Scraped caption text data
#####
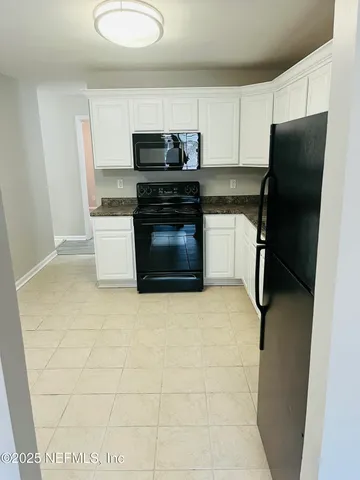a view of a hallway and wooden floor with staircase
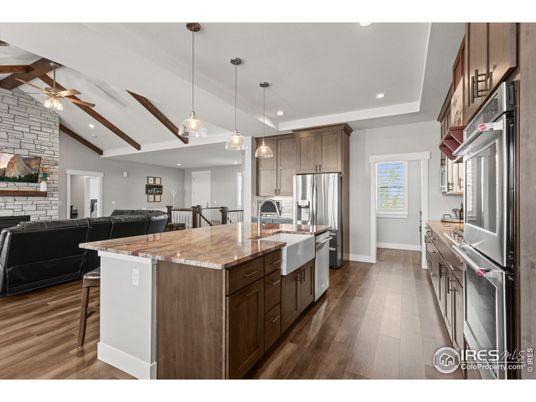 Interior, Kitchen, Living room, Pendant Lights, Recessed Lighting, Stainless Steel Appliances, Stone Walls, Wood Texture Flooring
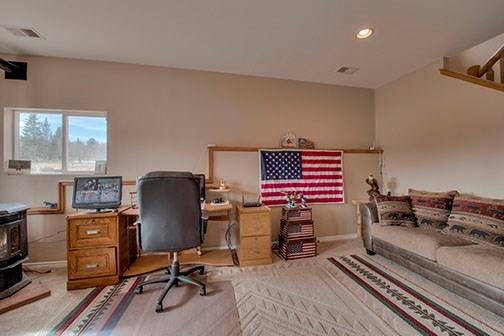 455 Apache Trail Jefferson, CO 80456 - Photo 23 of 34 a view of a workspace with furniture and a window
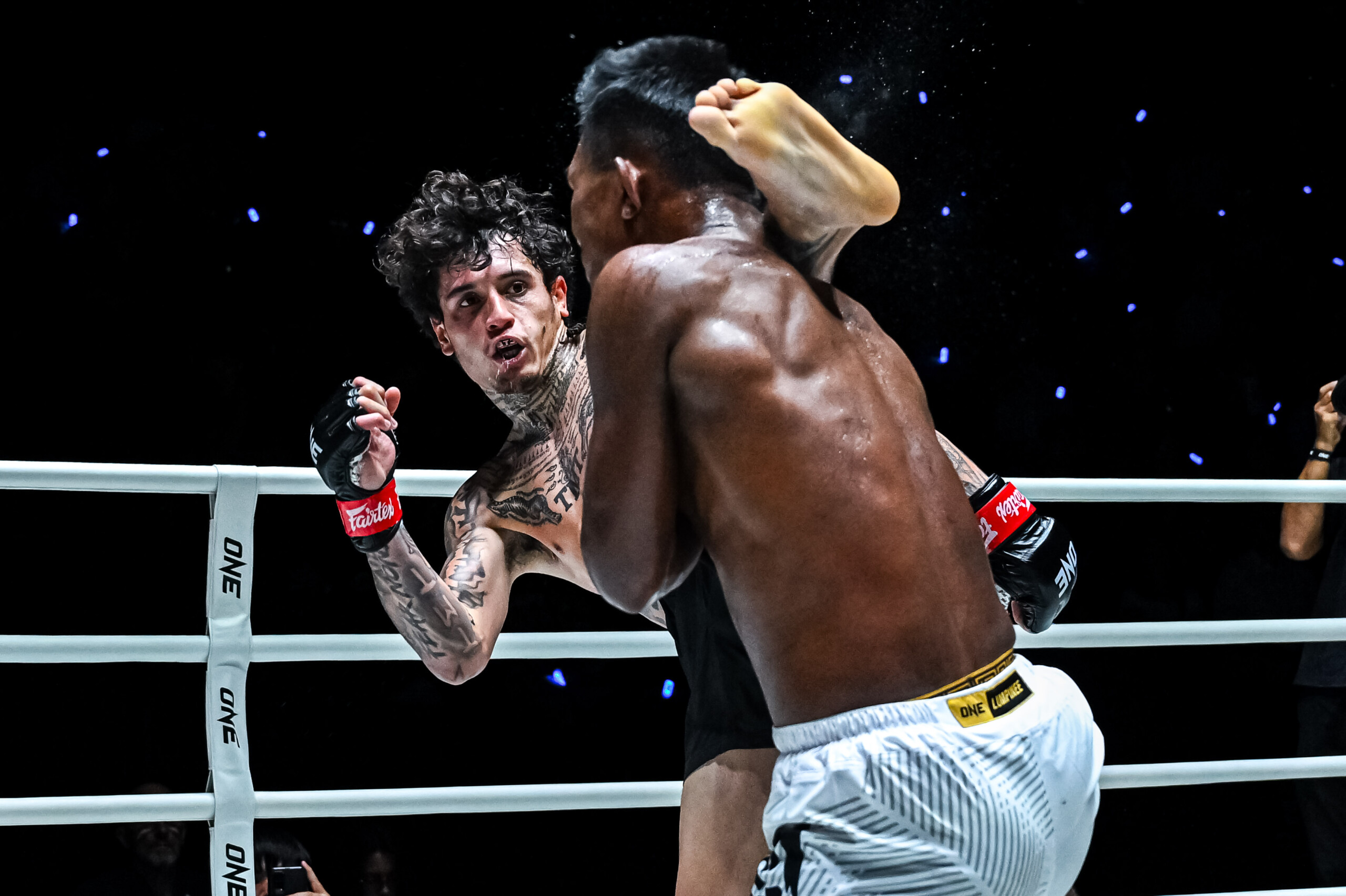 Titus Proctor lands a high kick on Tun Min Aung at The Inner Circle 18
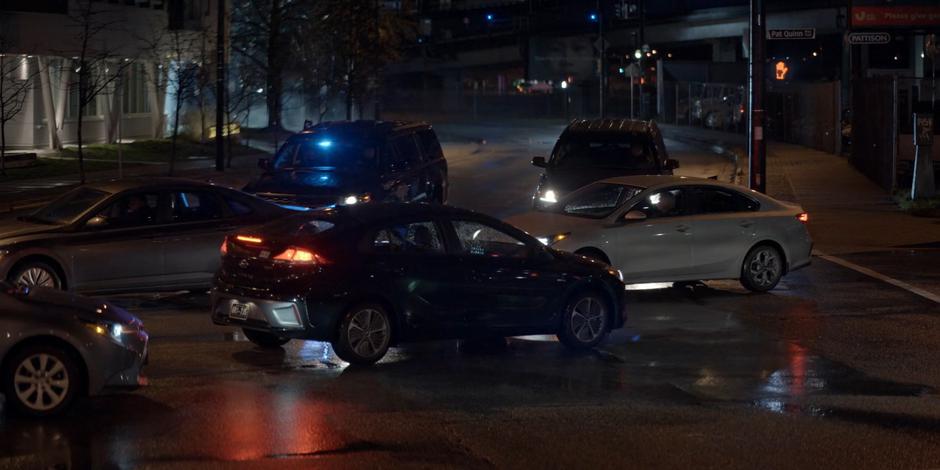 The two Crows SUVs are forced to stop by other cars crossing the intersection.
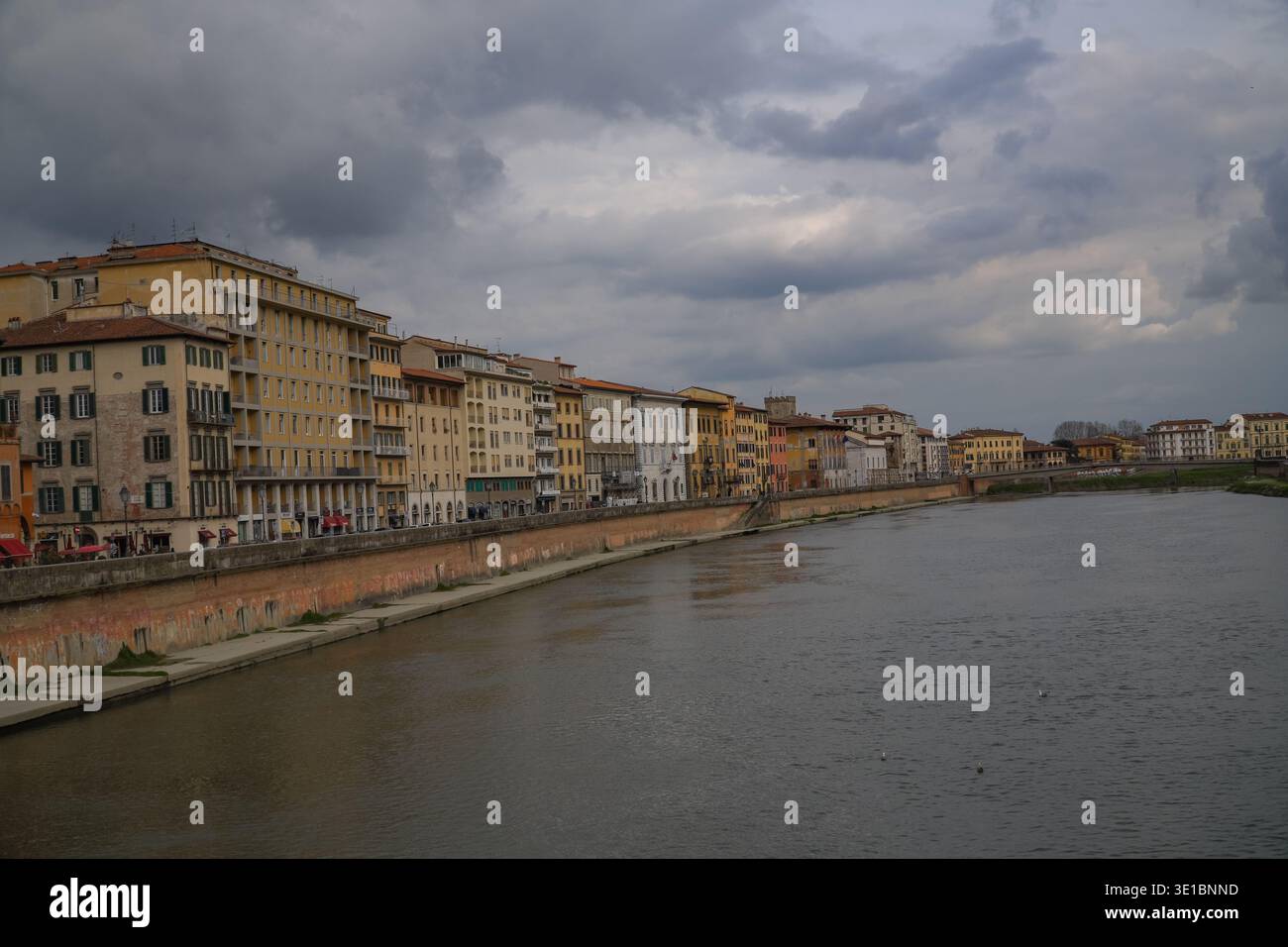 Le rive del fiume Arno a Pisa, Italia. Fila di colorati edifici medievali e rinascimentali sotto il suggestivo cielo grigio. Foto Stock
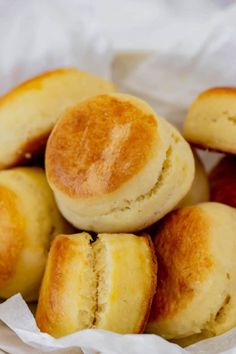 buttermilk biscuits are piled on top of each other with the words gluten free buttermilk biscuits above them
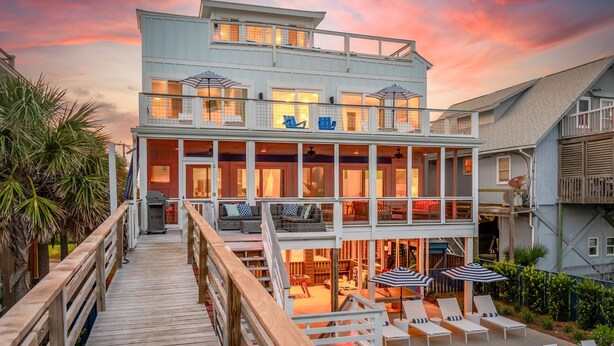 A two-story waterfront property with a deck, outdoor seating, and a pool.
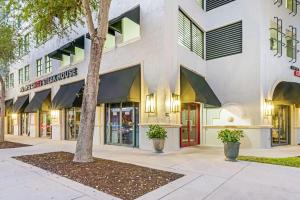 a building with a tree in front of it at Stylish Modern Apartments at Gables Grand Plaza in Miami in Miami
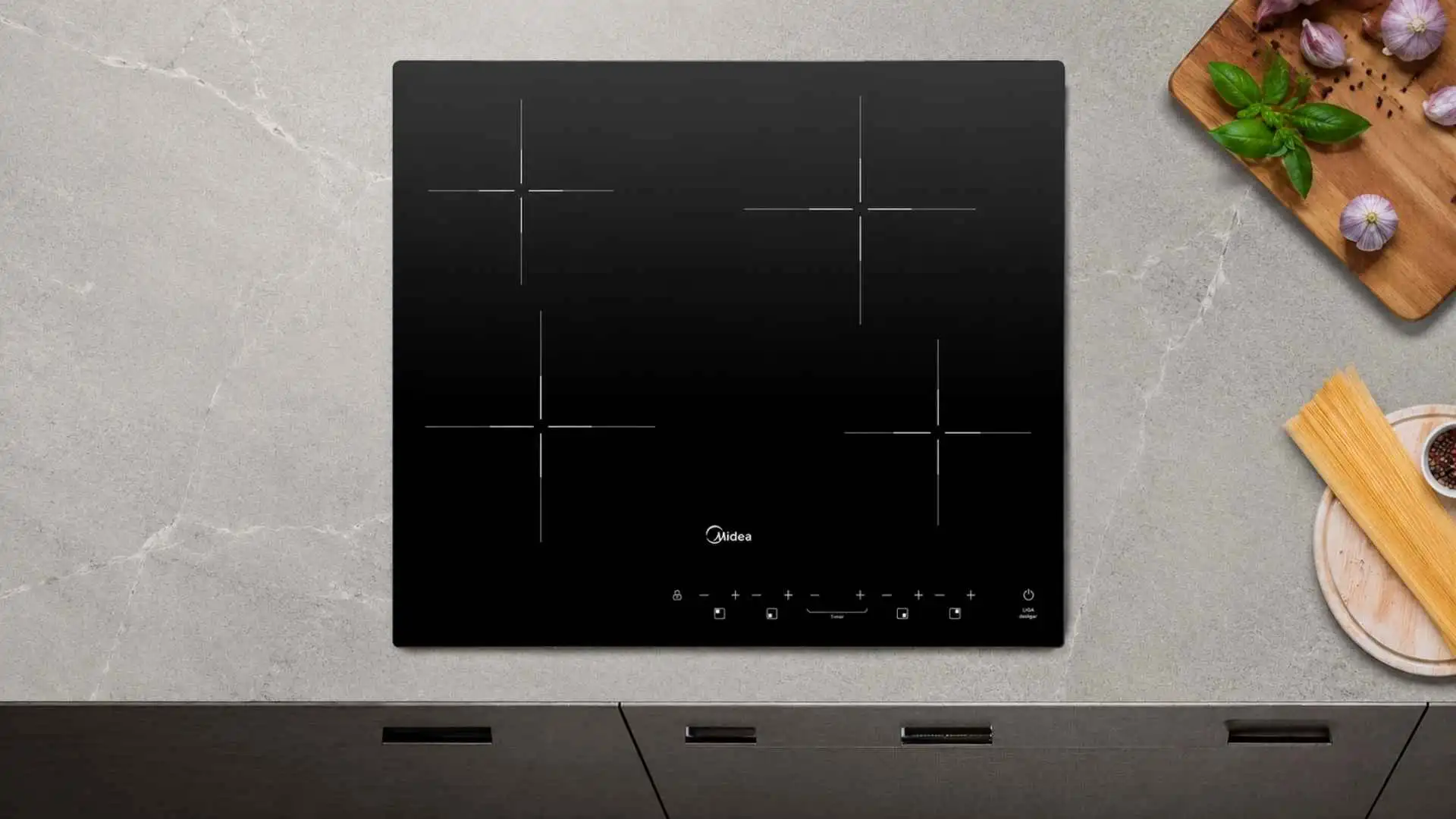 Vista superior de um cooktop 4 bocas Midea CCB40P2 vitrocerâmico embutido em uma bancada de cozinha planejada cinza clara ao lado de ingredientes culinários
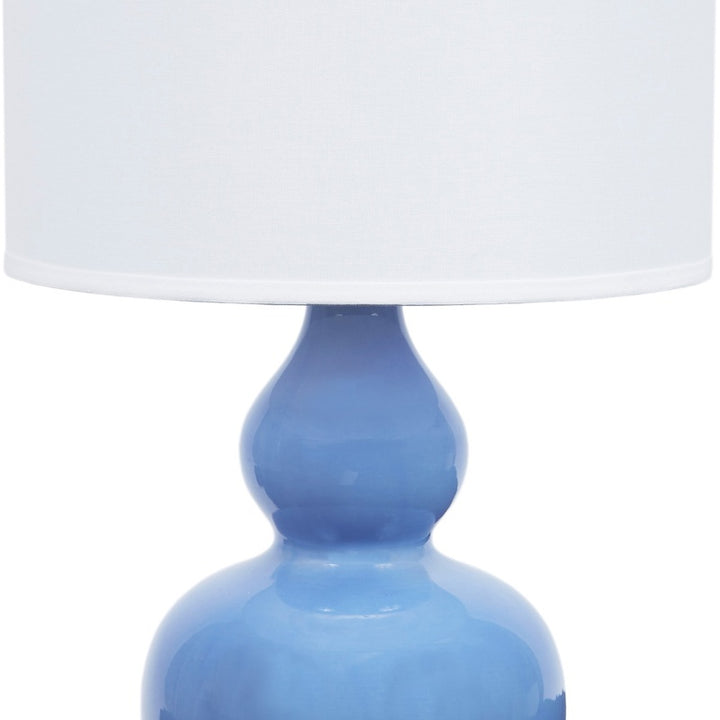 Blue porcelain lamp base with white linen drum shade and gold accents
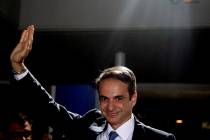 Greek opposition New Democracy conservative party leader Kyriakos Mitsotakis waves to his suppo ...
#####
▸ EXERCISE:
Using the entries above, transcribe exactly from the line that has "Titus Proctor lands" through the line that has "buttermilk biscuits are". Pictures are dropped.

▸ ANSWER TO THIS EXERCISE:
 Titus Proctor lands a high kick on Tun Min Aung at The Inner Circle 18
 The two Crows SUVs are forced to stop by other cars crossing the intersection.
 Le rive del fiume Arno a Pisa, Italia. Fila di colorati edifici medievali e rinascimentali sotto il suggestivo cielo grigio. Foto Stock
 buttermilk biscuits are piled on top of each other with the words gluten free buttermilk biscuits above them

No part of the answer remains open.